▶ To do: Return, without pictures, the lines from the start of the data through the one that contains "メルセデスベンツ Sクラス 中古車".

━━━ Dataset ━━━

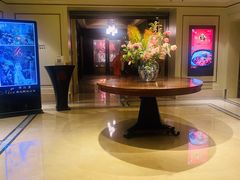 -利顺德大饭店·维多利亚花园(小白楼店)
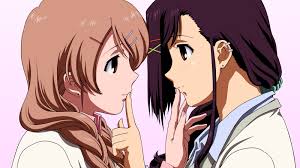 Check spelling or type a new query. Top 20 Best Yuri Anime Series Recommend Me Anime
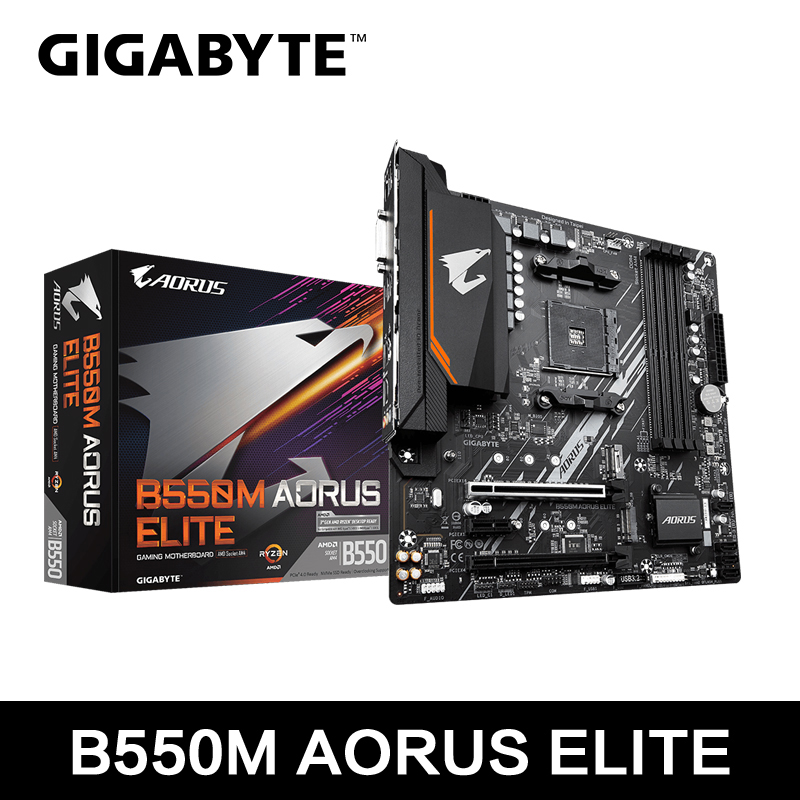 Nuova Scheda Madre GIGABYTE B5 - X870E Atx Motherboard recensione e prezzo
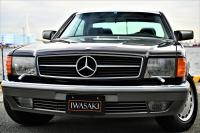 メルセデスベンツ Sクラス 中古車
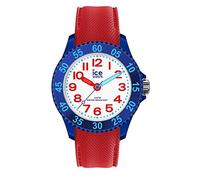 ICE-WATCH - Ice Cartoon Spider - Montre Rouge pour Garçon avec Bracelet en Silicone - 018933 (Extra Small)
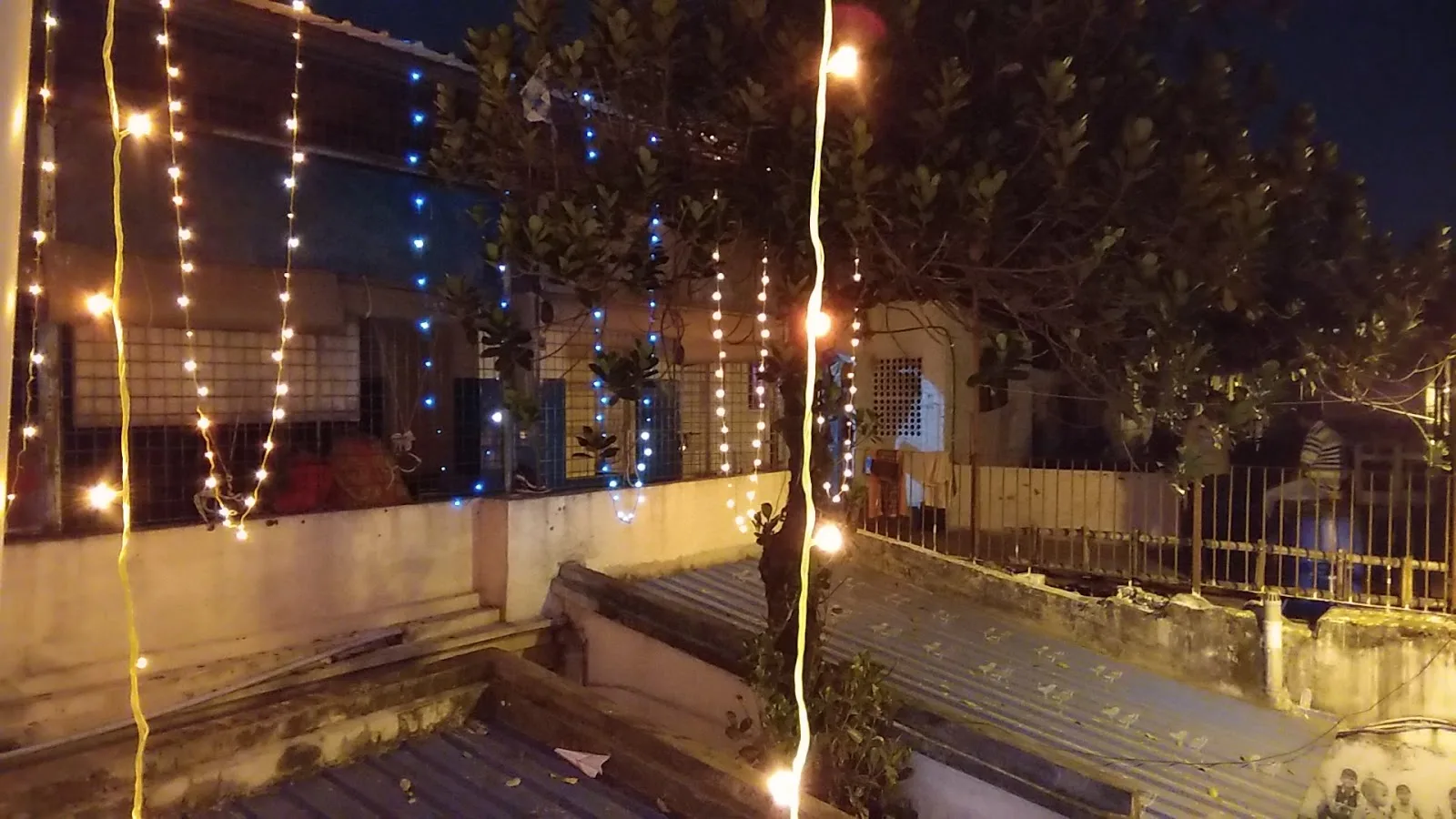 New Light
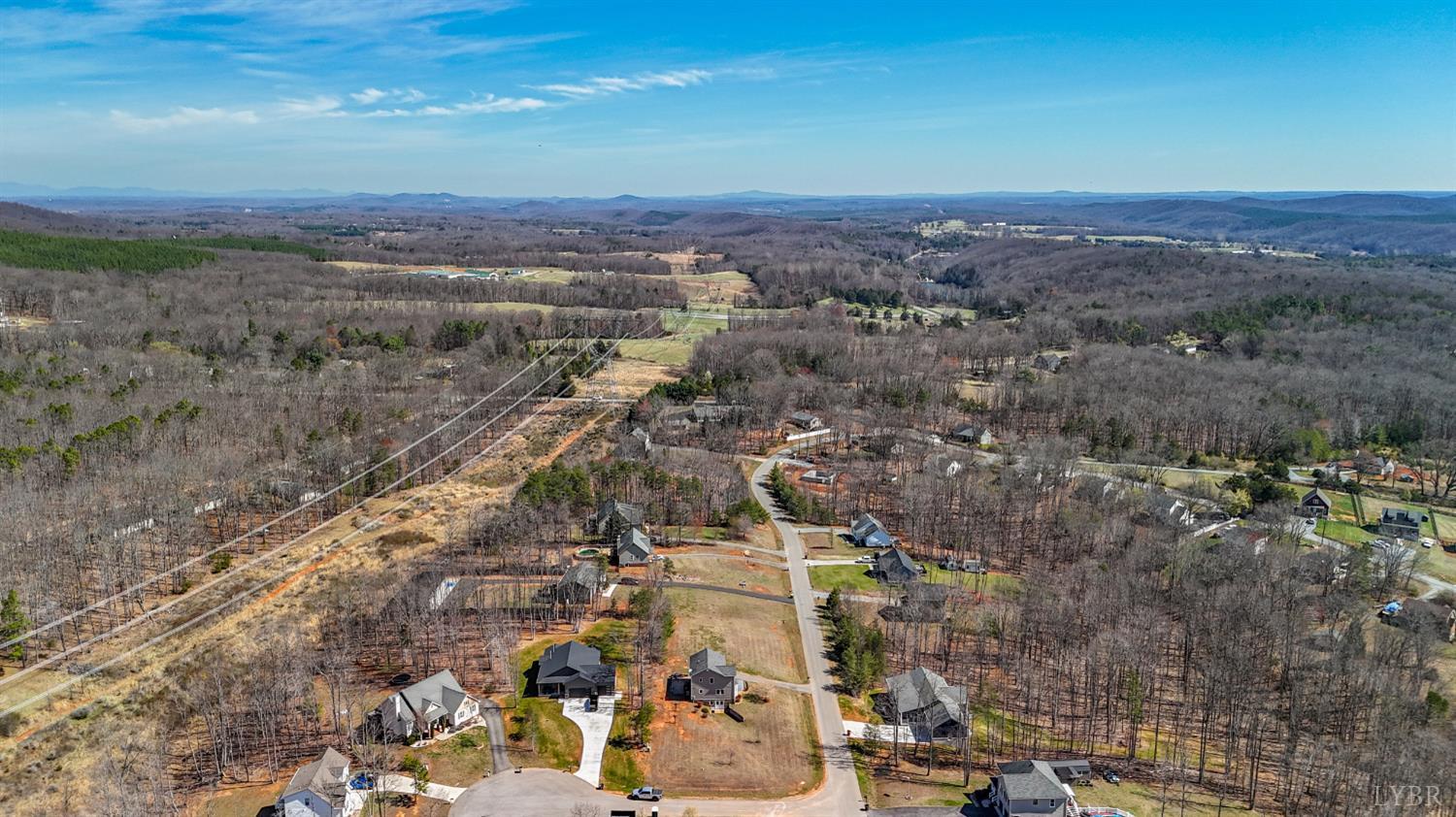 181 Armistead Lane Rustburg, VA 24588 - Photo 44 of 52
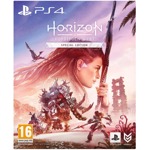 Horizon Forbidden West - Special Edition PS4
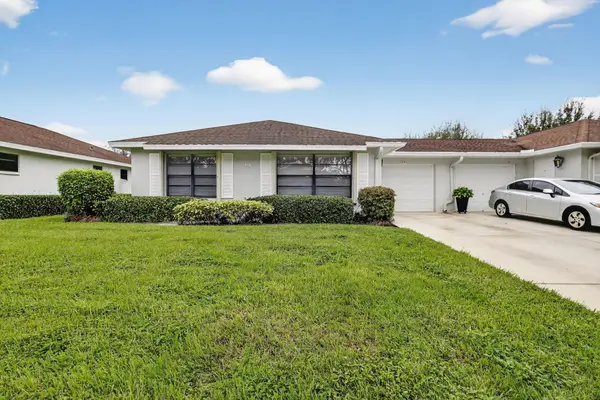 9790 Tabebuia Tree Drive #A, Boynton Beach, FL 33436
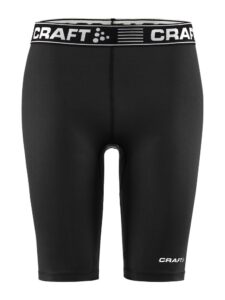 Ability Compression Short Tights Uni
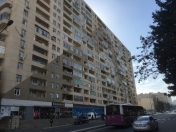 Satılır 2 otaqlı 95 m2 yeni tikili 9 mkr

━━━

▶ Expected output:
 -利顺德大饭店·维多利亚花园(小白楼店)
 Check spelling or type a new query. Top 20 Best Yuri Anime Series Recommend Me Anime
 Nuova Scheda Madre GIGABYTE B5 - X870E Atx Motherboard recensione e prezzo
 メルセデスベンツ Sクラス 中古車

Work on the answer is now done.